"Das sind untragbare Zustände"
Projektwerber wehren sich gegen Vorstoß des Ministers, das Sulmkraftwerk auszuhebeln. Sollte das Projekt kippen, will man das bereits investierte Geld über eine Amtshaftungsklage zurückfordern.

Foto © Lenhard
Zwei Millionen Euro haben die Projektwerber nach eigenen Angaben in das Vorhaben gesteckt. Jetzt könnte endgültig alles den Bach hinuntergehen. Nachdem Umweltminister Nikolaus Berlakovich (ÖVP) das Land Steiermark schriftlich aufgefordert hat, den Bewilligungsbescheid für das geplante Wasserkraftwerk an der Schwarzen Sulm (Bezirk Deutschlandsberg) neu zu prüfen und gegebenenfalls aufzuheben, jubeln Gegner des Vorhabens über das abzusehende Ende des umstrittenen Projekts (wir berichteten).
Verärgert reagiert Georg Eisenberger, der Anwalt der beiden weststeirischen Bauwerber Peter Masser und Alfred Liechtenstein. "Das Verfahren läuft inzwischen seit mehr als zehn Jahren, wir haben bereits alle Bewilligungen.
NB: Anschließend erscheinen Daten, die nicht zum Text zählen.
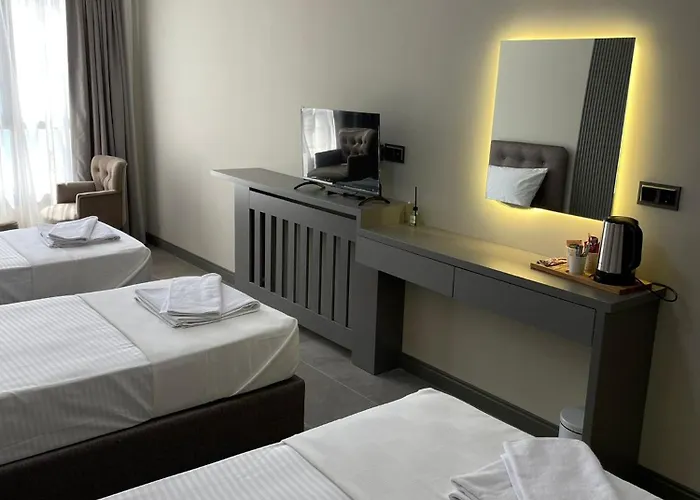 Grand Cennet Beach Hotel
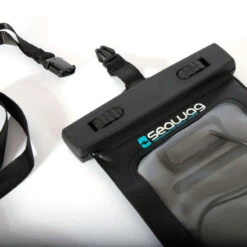 POCHETTE ETANCHE MP3 AVEC PRISE JACK ETANCHE SEAWAG -Kayak Des Vagues pochette etanche mp3 avec prise jack etanche seawag 2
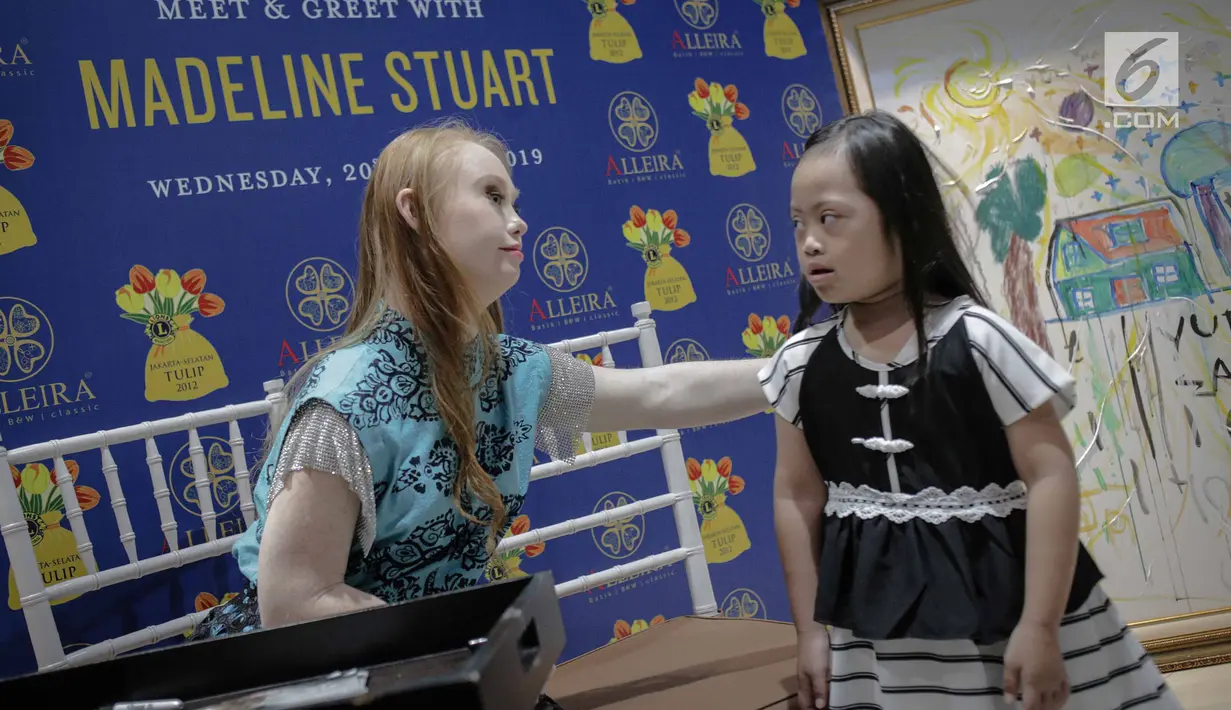 Model Madeline Stuart menyapa penggemarnya saat meet and greet di Alleira Batik Plaza Indonesia, Jakarta, Rabu (20/3). Madeline Stuart adalah model penderita down syndrome pertama asal Australia. (Liputan6.com/Faizal Fanani)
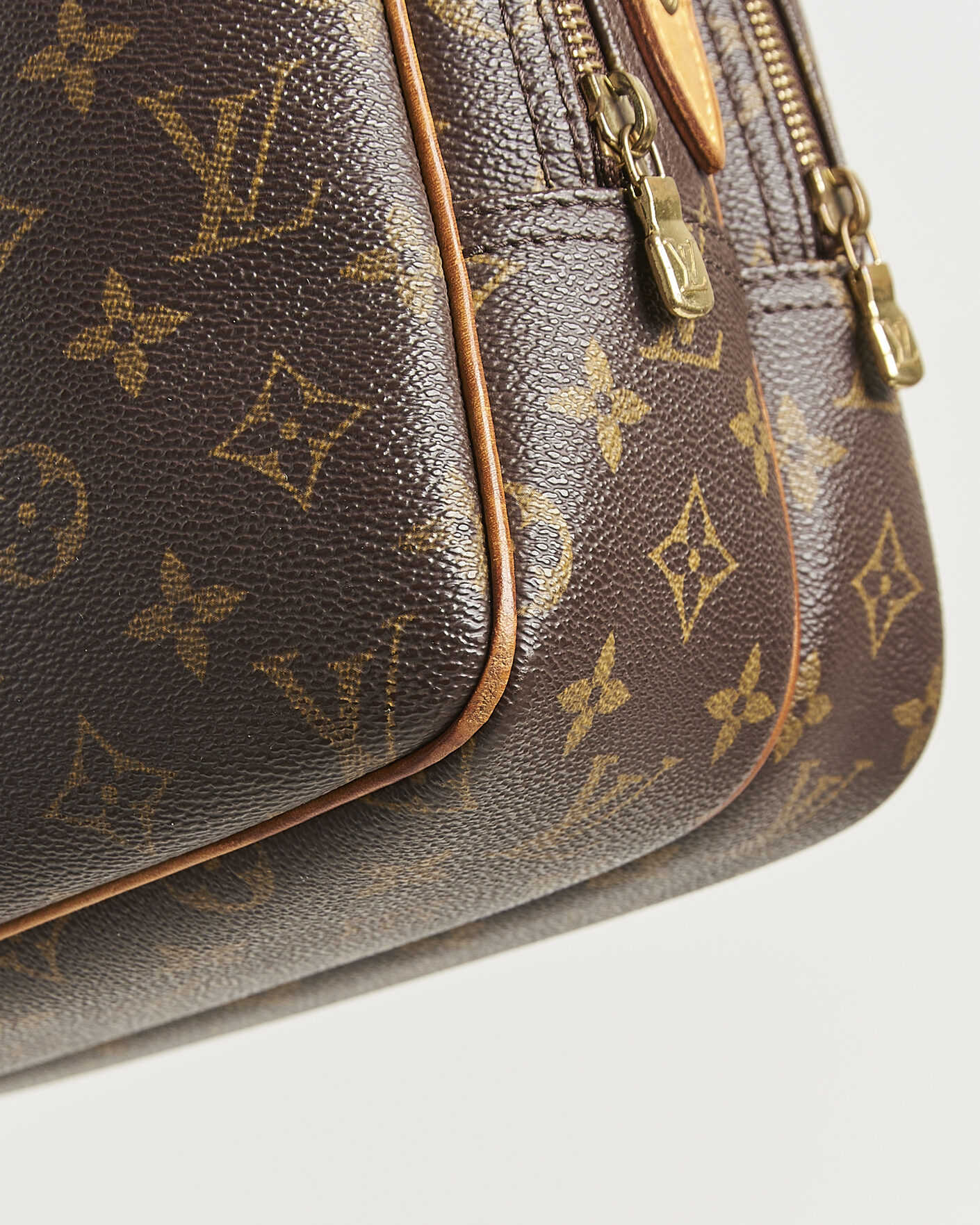 Homme | Pre-Owned & Vintage Bags | Louis Vuitton Pre-Owned | Reporter Bag PM Monogram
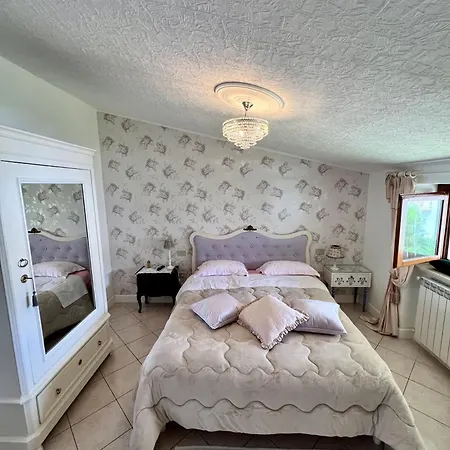 - La Bed & Breakfast *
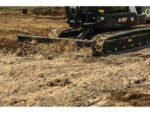 E32 Compact Excavator - Image 9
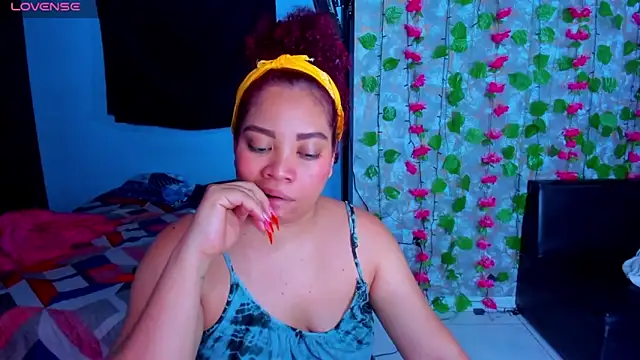 Snapshot of AngelaCoffee chatting on May 2026 09:42:02 PM AngelaCoffee online show from May 2026 09:42:02 PM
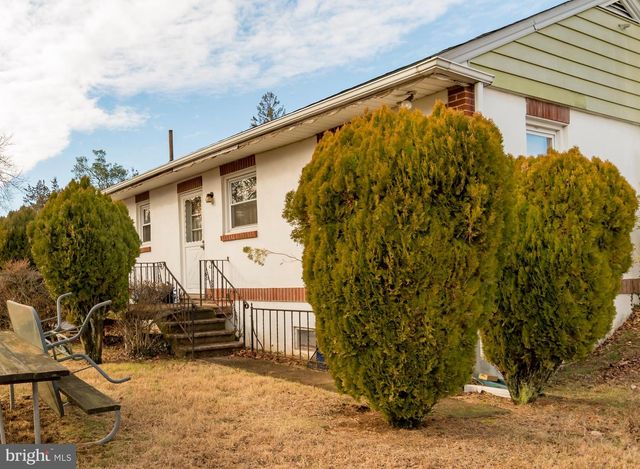 6343 CRAIG AVE, Bensalem, PA 19020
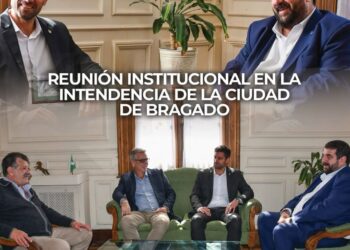 REUNION DE MASONES CON EL INTENDENTE BARENGHI. LOS ACOMPAÑO EL BRAGADENSE CESAR MUÑOZ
Und jetzt richten uns die Politiker einfach aus, sie wollen das Projekt doch nicht. Das sind untragbare Zustände."
Rechtliche Zuversicht
Dass das Schreiben des Ministers das Wasserkraftwerk tatsächlich aushebeln könnte, wie Beobachter erwarten, glaubt Eisenberger nicht. "Wir können vorerst nur annehmen, dass der Herr Minister einen grünen Marketing-Gag versucht, um für den Fall des Baues vorsorglich die Verantwortung auf die Beamten der Steiermärkischen Landesregierung abwälzen zu können", sagt der Jurist. Die Annahme, dass das Projekt über eine neuerliche Prüfung des rechtskräftigen Wasserrechtsbescheides zu kippen wäre, sei "geradezu absurd".
Sollte es dennoch so weit kommen, wollen sich die Projektwerber an den Behörden schadlos halten. "In so einem Fall würden wir das bereits investierte Geld über eine Amtshaftungsklage zurückfordern", sagt Eisenberger.
Schützenhilfe bekommt Berlakovich indes aus der steirischen Landesregierung. Landesrat Johann Seitinger (ÖVP), der vor fünf Jahren den ersten positiven Bescheid für das Kraftwerk (letztlich erfolglos) beeinspruchte, pocht auf die "Ausnutzung aller zur Verfügung stehenden rechtlichen Mittel", um das Projekt zu verhindern. "Man sollte dieses hochwertige Gewässer nicht angreifen", fordert der Landesrat.